そこ、真面目にやれ(理論における知的怠惰、もしくは不誠実さについて)
(https://x.com/nhk_netadori/status/1448976749472227332より引用)
(https://x.com/futodoki/status/1860338542318354527より引用)
(https://x.com/futodoki/status/1860669269404717426より引用)
これらのtweet。
非常に知的に不誠実だと思うんですよ。
言うまでもなく、遅刻と不法滞在、合法な滞在と不法滞在、移民と不法移民は全く違います。
もしこれの違いが分からないというなら……さすがになんというか、ちょっと……もう少しお勉強するか、自分の順法意識に疑問を持つべき。
ただ、さすがに分かってないということは無いと思うので、この手の主張をする人たちは意図的にこれらを混同している、という前提で書きます。
……意図的ですよね?そうですよね?
全く属性が違うものを意図的に混同して自説を展開する、という文脈は明らかに、読み手・聞き手に錯誤を抱かせることを意図した文脈です。
相手を騙そうと意図した文脈は、端的に言うと、詐欺師と同じです。
要するにこういう文脈を展開するのは、自説は「正しい」……この場合は、
不法でも移民は保護されるべきであり、不法の部分を殊更に批判するのは人道的でない、その部分には目をつぶって保護するのが「正しい」
という考えがある。
そして、そのためになら、異なる属性を混ぜて聞き手・読み手を騙しても構わない、と考えている。
だから、こういう文脈を使うわけでしょ。
でも、自説を語るためには相手の騙しても構わないというのは明らかに
知的に不誠実
な態度です。
ついでに言いますと、正当に論を展開して聞き手・読み手を説得できないんですよね。
もしくはその手間を惜しんでいるわけですから、
知的怠惰
でもあります。
……もしその辺の意識が全くなくて、この文脈の問題に何の疑問も抱かないなら、マジで自分の中の党派性に自覚的になってください。

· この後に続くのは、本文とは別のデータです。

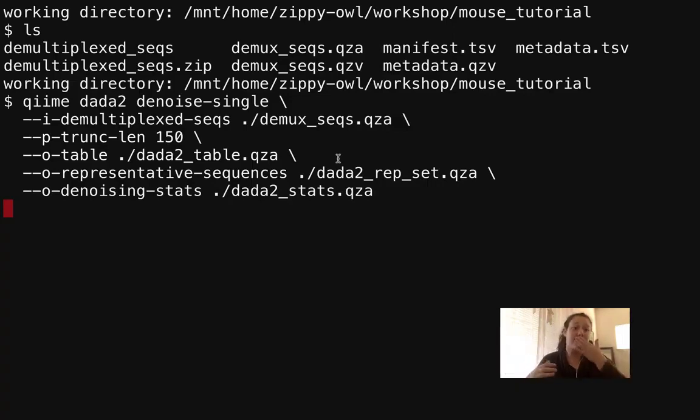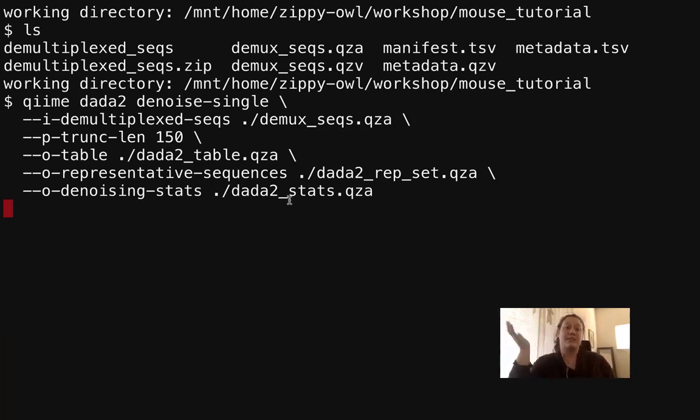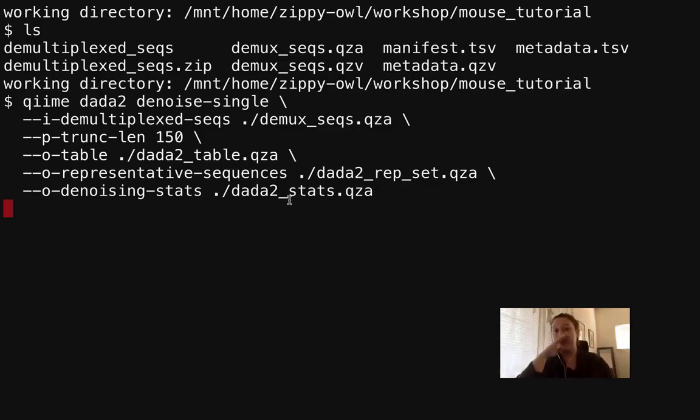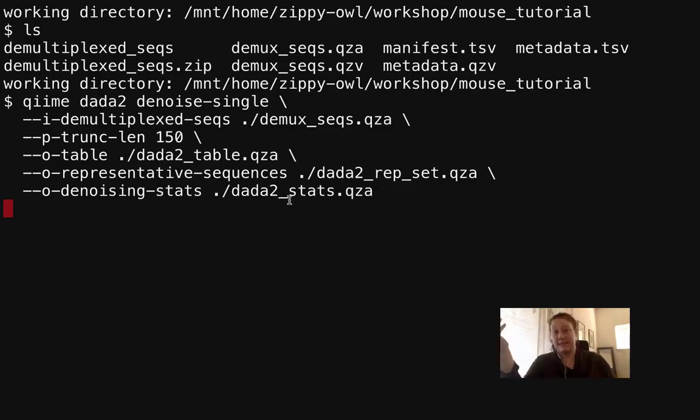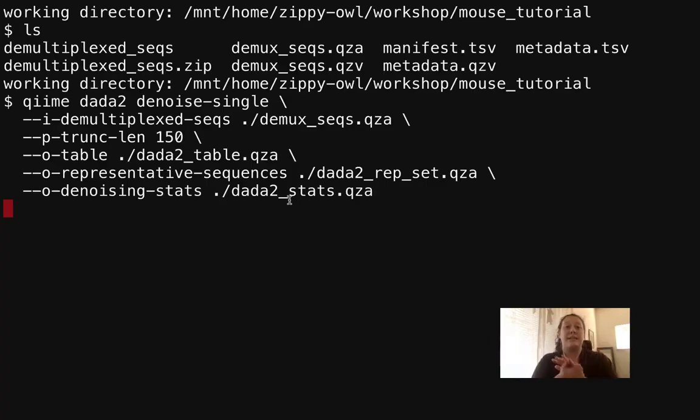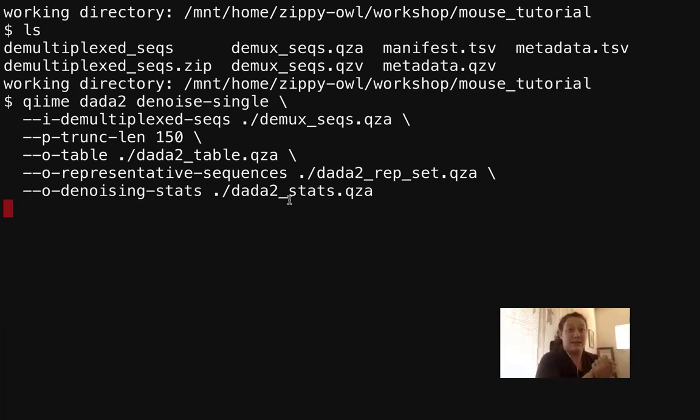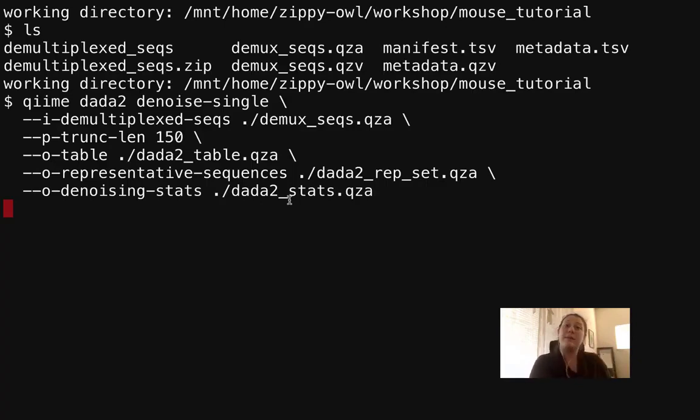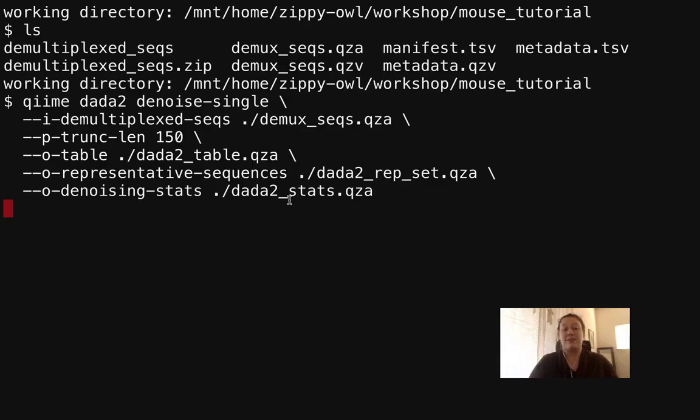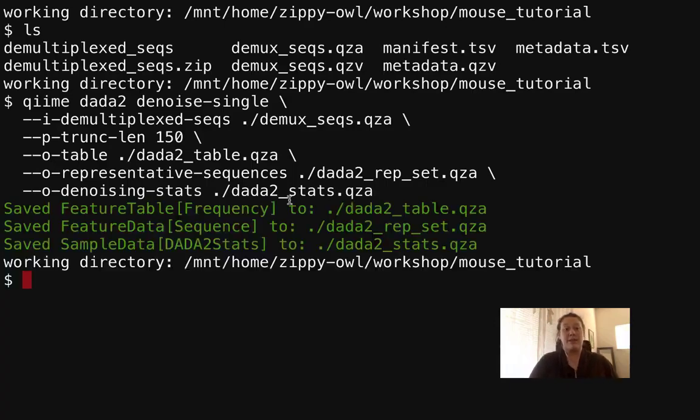And then lastly we will output denoising-stats DADA2_stats.qza, which basically tells us how the denoising step went. As you can see by our next step, we're going to do QIIME metadata tabulate on that DADA2_stats.qza. So that file is actually a metadata file. We'll use metadata tabulate to visualize it, and it can be used later on in the pipeline as a metadata file if you wanted to do that.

看板には社会正義って書いてあるんでしょうけど、あなた方の使っている文脈は詐欺師のそれと同じです。
「正しい」のためなら周囲を騙すのもやむなし、我らは必要悪なり、という覚悟なら、それはそれでアリだとは思います。
ただ、人を騙すにしても、もう令和のこのご時世ではこんな
「かわいそうな不法移民」と「邪悪な排外主義者」みたいな単純二元論
に騙されてくれる純朴な人はそうはいませんよ。
騙すにしても、もう少し真面目にやってほしい。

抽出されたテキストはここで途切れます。